Stored data
========================================

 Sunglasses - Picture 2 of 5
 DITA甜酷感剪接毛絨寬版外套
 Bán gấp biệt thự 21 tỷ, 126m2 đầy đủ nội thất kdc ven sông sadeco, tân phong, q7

========================================

Work to complete
Produce the whole listing once more, exactly.

Exercise output
 Sunglasses - Picture 2 of 5
 DITA甜酷感剪接毛絨寬版外套
 Bán gấp biệt thự 21 tỷ, 126m2 đầy đủ nội thất kdc ven sông sadeco, tân phong, q7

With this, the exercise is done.